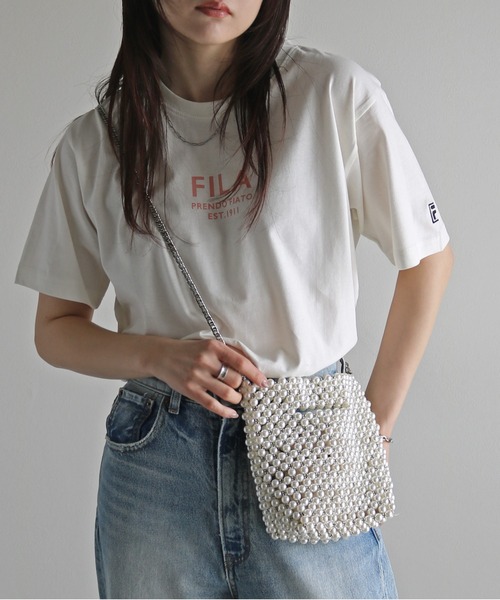 FILA(フィラ)の「FILAロゴプリントTシャツ(Tシャツ/カットソー・レディース・ブラック/ピンク/ホワイト/ネイビー/スミクロ/杢グレー/オフホワイト・XL/L/M)」の2枚目の写真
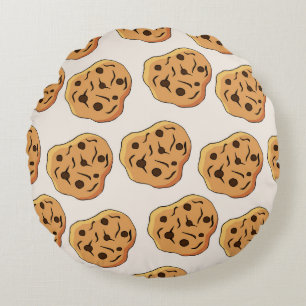 Vintage cookies seamless pattern. hand drawn illus round cushion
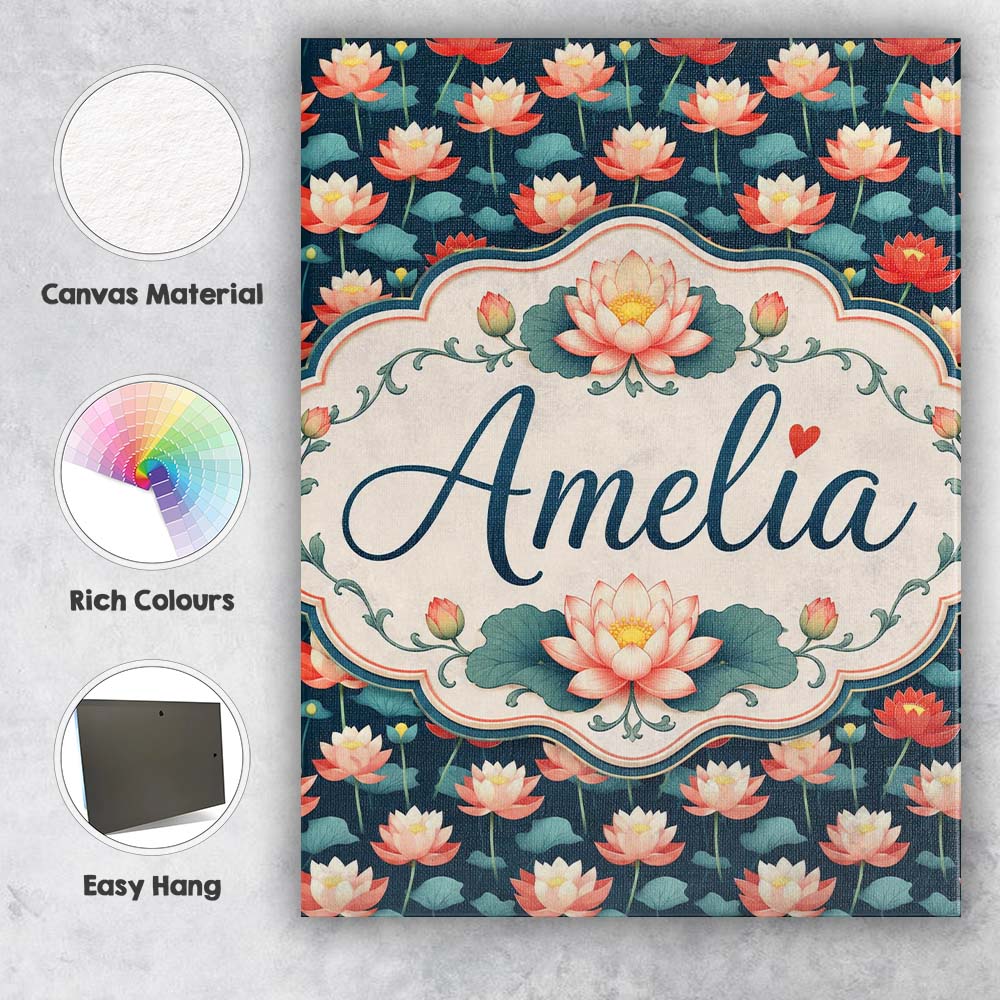 Personalised Name Bright Coral Lotus Floral Custom Bespoke Interior Contemporary Canvas Wall Art Print Decor Picture Ready to Hang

========================================

Copy out all the data exactly; skip the pictures.

 FILA(フィラ)の「FILAロゴプリントTシャツ(Tシャツ/カットソー・レディース・ブラック/ピンク/ホワイト/ネイビー/スミクロ/杢グレー/オフホワイト・XL/L/M)」の2枚目の写真
 Vintage cookies seamless pattern. hand drawn illus round cushion
 Personalised Name Bright Coral Lotus Floral Custom Bespoke Interior Contemporary Canvas Wall Art Print Decor Picture Ready to Hang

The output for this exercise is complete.